An article that I had authored on CNET more than a year ago turned up as the lead item on a Web site that--until then--I never knew existed. What's more, the site had reproduced the entire text--sans byline or attribution.
Par for the course these days.
In fact, a new report by Attributor finds that online content ripoffs are rife.
"The study tracked online content from more than 100 publishers in a broad range of categories, including entertainment, sports, technology, politics, health, travel and automotive, scanning for proliferation across 30 billion Web pages during the month of September. The results indicate that the average publisher is missing out on more than $150K per year driven by the audience viewing their articles on other sites."
That's a lot of money. Indeed, Rich Pearson, Attributor's vice president of marketing, said a typical piece of content repurposed without permission was likely to be viewed 1.5 times more than it was on the original site. Here's the category breakdown:
Travel--more than 5x
Movie reviews--nearly 5x
Sports, Technology--more than 2x
Advice, Environment, Health--nearly 2x
At this point, it's tempting to bitch about bottom-dwelling parasites exploiting the labor of others. But what's the point? That boat has long sailed. In fact, Pearson correctly noted that "content proliferating" is taking place so quickly that any attempt by publishers to rein in the practice would be akin to playing Whac-A-Mole.
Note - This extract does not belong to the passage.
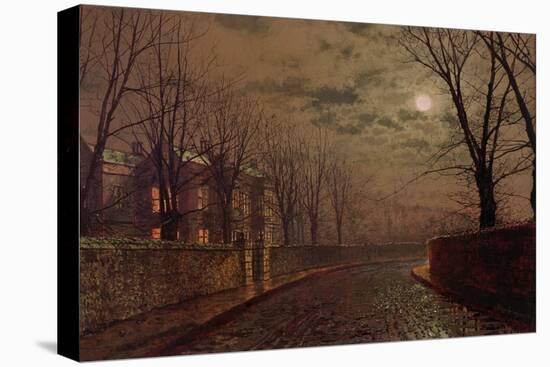 Moonlit Street Scene, 1882-John Atkinson Grimshaw-Premier Image Canvas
Publishers can debate the ethics of unauthorized repurposing at at the next Web 2.0 conference. But if Attributor's methodology is sound, the takeaway is that there's a bigger audience viewing your content off your site than on it.
In the meantime, what to do? Publishers face the reality that their content is going to wind up generating significant dollars on other Web sites--all without permission. The challenge will be to figure out a syndication deal that works for all concerned. In this matter, debating right from wrong, I'm afraid, simply is a waste of time.